When I went to bed last night – or more accurately when I sealed myself in my tent last night – it was a beautifully clear night. I would’ve preferred watching the sunset from my personal field of dreams but the flies were excessively aggressive. And I only have so much bug spray. Luckily, the WiFi from the motel across the street was reaching my tent so at least I had that.

Almost Sunset.  And then the flies came.

Almost Sunset. And then the flies came.


This morning I woke up around 5:30 and even without opening the tent flaps it felt like it was an overcast day. The forecast predicted scattered thunderstorms and it felt like they got it right. However, I also noticed the lack of rain actually falling on my tent at that time. Despite the early hour, I decided that this may be the only chance I have to take down my tent in somewhat dry conditions. I say “somewhat dry” because the tent fly was soaked – from both the dew and condensation.

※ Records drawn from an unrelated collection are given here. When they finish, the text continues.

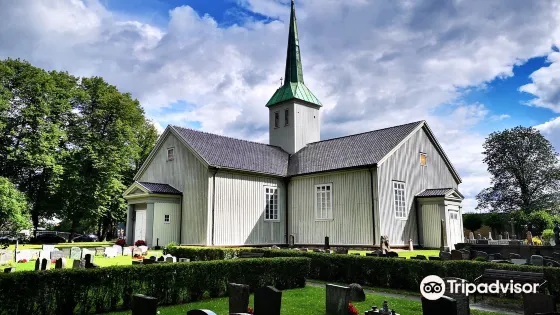 Stromso Kirke
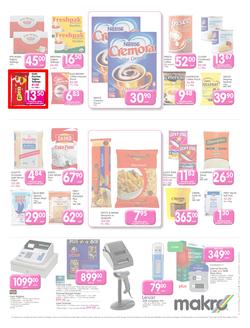 Makro Port Elizabeth : Food (12 Feb - 26 Feb 2014), page 5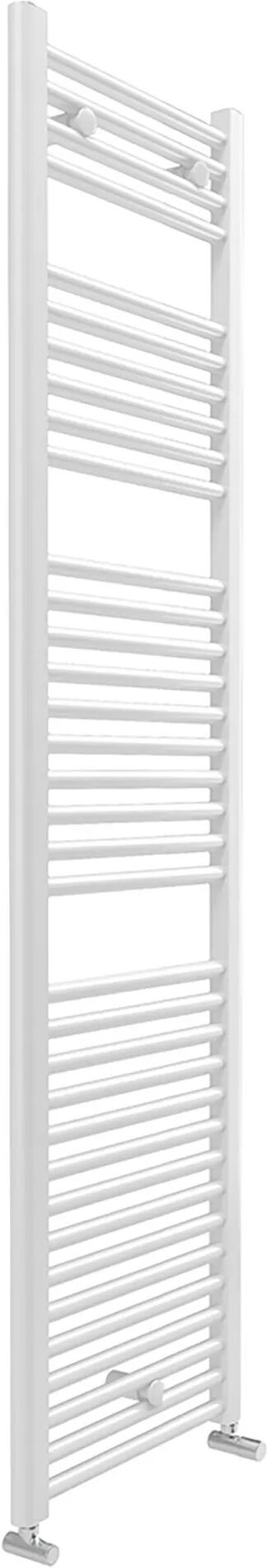 Lazzarini TERMOARREDO SANREMO 1703x450 mm (HxL) INTERASSE 400 mm 733 W DRITTO BIANCO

So, I packed up my bags and when I eventually opened up the tent flaps the overcast feeling was confirmed. Dark clouds loomed everywhere. This had the makings for an encore of my ride from Baie-Johan-Beetz to Natashquan.

CowHeadMapRemarkably, by 6:15 my bike was completely packed up and ready to go. And I went. Fast. My field of dreams had rapidly turned into a mosquito breeding ground and I was to be their feast (even with all the weight that I’ve lost).

The plan for today was a 100 km ride to Cow Head. While Cow Head is not actually in Gros Morne National Park, it’s surrounded by it and you have to pass through a section of the park to get to there. I was tempted to do the full 150 km ride to Rocky Harbour but with the weather being what it was I figured there was really no rush.

The pending long ride and looming clouds prompted me to seek out a real breakfast. Unfortunately (or maybe fortunately) the restaurant at the motel across the street didn’t open until 7:00. I went over anyway and hung out in the lobby while I charge up some of my electronics.

7:00 eventually arrived and I had a sizeable breakfast that I figured should keep me going for at least 50 km. And while breakfast was good, my stalling tactic was not successful in making the clouds go away and when I got out to my bike it was in fact starting to drizzle. Here we go.

Surrounded by storm clouds.

Surrounded by storm clouds.

Suited up in all my rain gear I headed down Highway 430 (aka. The Viking Trail). Surprisingly, the drizzle didn’t last long and I was at least able to remove the hood of my rain gear to reduce the amount I was sweating to a slow gush. Dark clouds were still all around so it was only a matter of time before I got soaked. On the upside, there was no wind whatsoever.

I pedalled on and somehow managed to make it 20 km without rain. Then 30. Then 40. And 50. Dark clouds were still around but there were a few lighter clouds taking over. I even saw the sun briefly. I passed through two sections where the road was wet so perhaps my stalling tactic of breakfast worked after all.

Lunch at Daniel's Harbour(or the main intersection anyway)

Lunch at Daniel’s Harbour
(or the main intersection anyway)

I stopped for lunch at the midway point – Daniel’s Harbour – and the sun was starting to takeover. To say this was unexpected would be a gross understatement. My anticipated Natashquan-like ride had suddenly turned into a beautiful coastal ride in the sun. Ok, sometimes I couldn’t see the coast but the ride was still enjoyable.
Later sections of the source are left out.